Comme annoncé dans les articles 1 (automne 1869), 2 (Rochefort), 3 (Varlin), 4 (les journalistes et la Commune) et comme présenté dans l’article 0 (Demain), voici la Marseillaise, quotidien, quotidiennement.

Attention, c’est un journal du matin, mais il est daté du lendemain.

35. Samedi 22 janvier 1870

Dois-je rappeler que le journal est daté du lendemain et paraît donc le 21 janvier, titre aussi de l’éditorial de Paschal Grousset, anniversaire, pas seulement du châtiment d’un roi (Louis XVI), mais surtout de l’exécution du monarchisme, régner est le crime par excellence,

nous aurions à prononcer l’abolition de l’échafaud que nous demanderions encore à le réserver pour les seules races royales;

Rochefort répond à des lettres reçues que le député de la première circonscription restera chez lui demain plutôt que de se rendre à l’assignation que M. Ollivier a fait déposer chez lui par ses employés ;

c’est Dubuc qui va nous donner les nouvelles du Creuzot ;

parmi les nouvelles politiques une anagramme, « Victor Noir, Salmon et Pierre Bonaparte » donnerait « On verra bientôt le Corse puni, paria, mort », ce qui est presque vrai (il manque le u), je note aussi l’arrivée de Charles-Marie Vidor [Widor] aux orgues de Saint-Sulpice ;

Arthur Arnould s’intéresse à la police et à ses casse-tête ;

en prélude aux nouvelles de « La Chambre », des nouvelles de son président, M. Schneider (voir ci-dessous), on a dû bien s’ennuyer, heureusement il y avait Jules Simon, qui a développé fort longuement son amour de l’ordre et de la liberté, qui s’est fait applaudir par la droite et aussi par la gauche, et dont un député a estimé qu’il s’agissait de

socialisme césarien poétique et de bonne compagnie ;

Millière continue de nous entretenir de « La Commune » et de son mode de constitution ;

les journaux continuent à parler de l’incident Gambetta ;

encore le dossier Pierre Bonaparte, voyez donc le Moniteur du 20 novembre 1849, Rigault vous le dit, le nommé Pierre Bonaparte a déserté devant l’ennemi ;

Dereure ajoute une histoire américaine du même prince ;

Rigault revient pour nous parler d’encore un substitut, cette fois un Monsieur Aulois (à prononcer à voix haute) ;

le journal la Houille donne des détails sur les revendications des mineurs (voir ci-dessous) ;

dans le « Bulletin du travail », Verdure donne des nouvelles des ouvriers de Moravie (Autriche) ;

Paule Minck inaugure ses conférences populaires à la Salle des Martyrs demain samedi ;

dans les nouvelles diverses, diverses nouvelles des assistants à l’exécution de Troppmann, encore des accidents du travail, un duel de blanchisseuses au lavoir de l’avenue Saint-Charles, un capitaine de navire (anglais) qui fait brûler des porcs parce qu’il n’a pas assez de charbon, les 3,825 lettres adressées à Troppmann, et un chien enragé ;

dans « Les Tribunaux », les poursuites contre l’Éclipse et le Rappel, pour avoir publié le portrait de Victor Noir.

Je garde les informations sur le Creuzot — dépêches, sur place, mention du grand patron.

Nous recevons du Creuzot la dépêche suivante :

La grève continue au Creuzot où le plus grand calme continue à régner.
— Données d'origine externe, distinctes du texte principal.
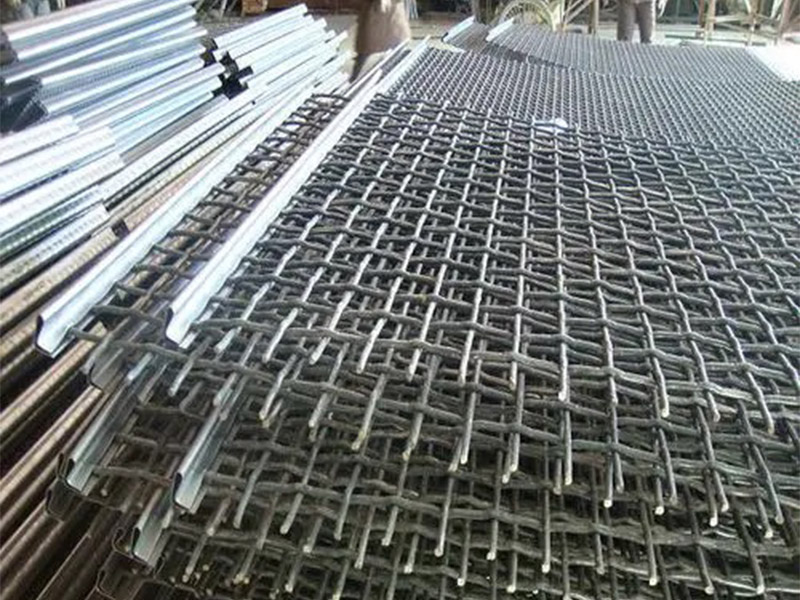 Экран для обрезки кромок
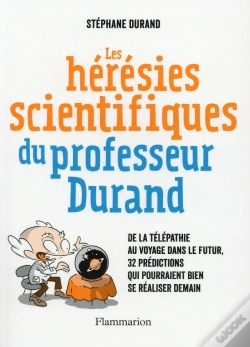 Capa do artigo Les Heresies Scientifiques Du Professeur Durand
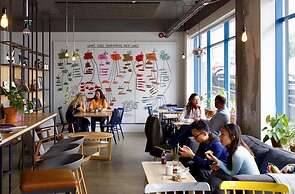 B2 Penthouses by Ylma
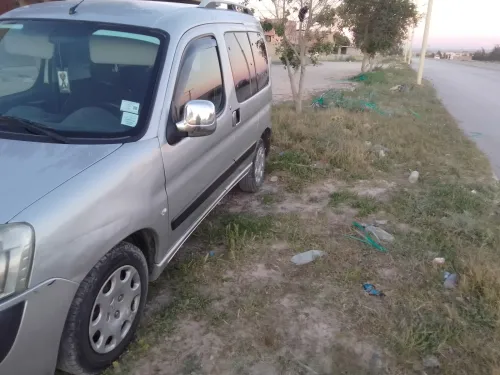 Peugeot Partner 2010 Origin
La résolution de tous les ouvriers est sur ce point fort énergique. M. Schneider veut bien faire quelques propositions mais les accompagne de la menace du chassepot. Les ouvriers opposent à toutes les offres le dédain et le silence et cessent tout travail.

Hier, un certain nombre de pauvres ayant voulu prendre du charbon dans une découverte, il s’en est suivi une bousculade et onze personnes sont mortes. [six morts, en réalité, Dubuc corrigera dans le journal daté du 25 janvier.]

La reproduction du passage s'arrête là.